Mlle Clairon, à force d’être adorée, finit par se croire une divinité, et, à ce titre, pensa que tout lui était permis. Un jour, elle brava Mme de Pompadour en disant d’elle : « Elle doit sa royauté au hasard ; je dois la mienne au génie. » Un jour, elle organisa au théâtre une petite révolte pour éconduire une actrice nouvelle. Le parterre cria. Les ennemis de la Clairon — elle en avait ; on en a toujours — obtinrent son incarcération au Fort-l’Evêque. Là, tout Paris la suivit. « Mlle Clairon, écrit un journaliste de l’époque, convertit en triomphe une disgrâce qui devait l’humilier. Au Fort-l’Evêque, c’est une affluence prodigieuse de carrosses : elle y donne des soupers divins ; en un mot, elle y tient l’état le plus fastueux. »

Et cependant, à dater de ce jour, la fortune ne lui sourit plus. De ce jour, elle va, degré à degré, redescendre l’échelle d’or que nous l’avons vue gravir. Elle commence par voir sa fortune fort ébréchée dans les opérations financières de l’abbé Terray. Alors les amis s’éloignent : « Tant que tu seras heureux, dit le poète latin, tu auras beaucoup d’amis ; si le temps s’obscurcit pour toi, tu seras seul ». Cependant un ami des anciens jours — elle avait alors plus de cinquante ans et en avait encore plus de trente à vivre — lui était resté fidèle : c’était le margrave d’Anspach.

Elle alla frapper à sa porte. Le petit prince allemand l’accueillit gaiement en son palais, l’associa à sa couronne, en fit son premier ministre, et ce fut très sérieusement, cette fois, que la Clairon joua son rôle, le rôle d’Aspasie auprès de Périclès, de Mme de Pompadour auprès de Louis XV. Un jour — on ne sait pour quelle cause — le souverain et son ministre se brouillèrent. La Clairon dit adieu au margrave et revint à Paris. On était en pleine Terreur. Avant son départ pour l’Allemagne elle avait placé de l’argent : elle se vit complètement ruinée.

Alors, la misère arrive, terrible, implacable, avec le froid et la faim. Elle écrivait alors à un ami : « Vous me demandez quels sont mes maux, tous ceux qu’on peut avouer sans honte : trente ans de travaux destructeurs, le chagrin que me causent l’envie et l’ingratitude, la misère la plus absolue, l’horreur de l’abandon ne m’ont laissé d’entier que le cœur. Il est vraisemblable que je suis restée dans votre mémoire, fraîche, brillante, entourée de tous mes prestiges. Chassez, chassez vos idées ! Je vois avec peine, j’entends mal ; je n’ai plus de dents, les rides sillonnent mon visage ; une peau desséchée couvre à peine ma faible structure. En me venant voir, vous imiterez les anciens héros qui descendaient aux enfers pour communiquer avec les âmes ».

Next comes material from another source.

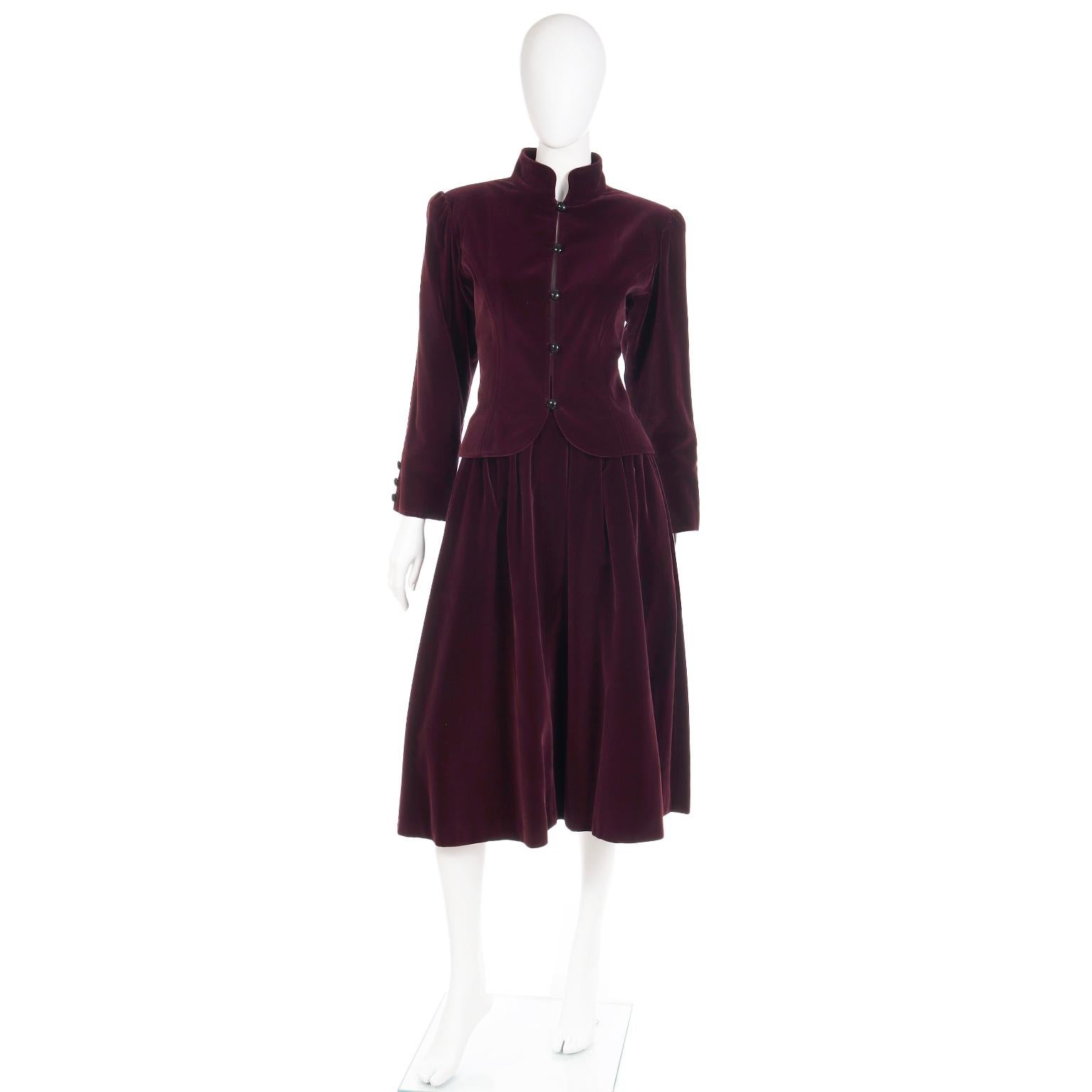This is an outstanding Yves Saint Laurent burgundy/wine velvet skirt and jacket ensemble from the early 1980's. YSL continued to be inspired by Russian Czar era clothing and the costumes from Ballet Russes. He incorporated modern elements and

Une dernière anecdote montrera à quel degré de pauvreté et d’oubli était tombée la pauvre comédienne. Un matin qu’elle balayait son unique chambre, en robe plus que fanée et en bonnet de nuit, un étranger se présenta. « Mademoiselle Clairon ? — Elle n’y est pas, dit la comédienne. — Dites-lui que M. du Rouvray (c’était un de ses anciens adorateurs) reviendra sur le soir ». Mlle Clairon laissa tomber son balai. « Du Rouvray murmura-t-elle, en voyant descendre le visiteur ; si j’osais lui dire... Mais puisqu’il reviendra ! » Il ne revint pas.

La Clairon mourut à Paris le 11 pluviôse an XI, à l’âge de soixante-dix-neuf ans. Il aurait fallu un Balzac pour la conter comme il faut : lui seul pouvait écrire les Splendeurs et misères des comédiennes.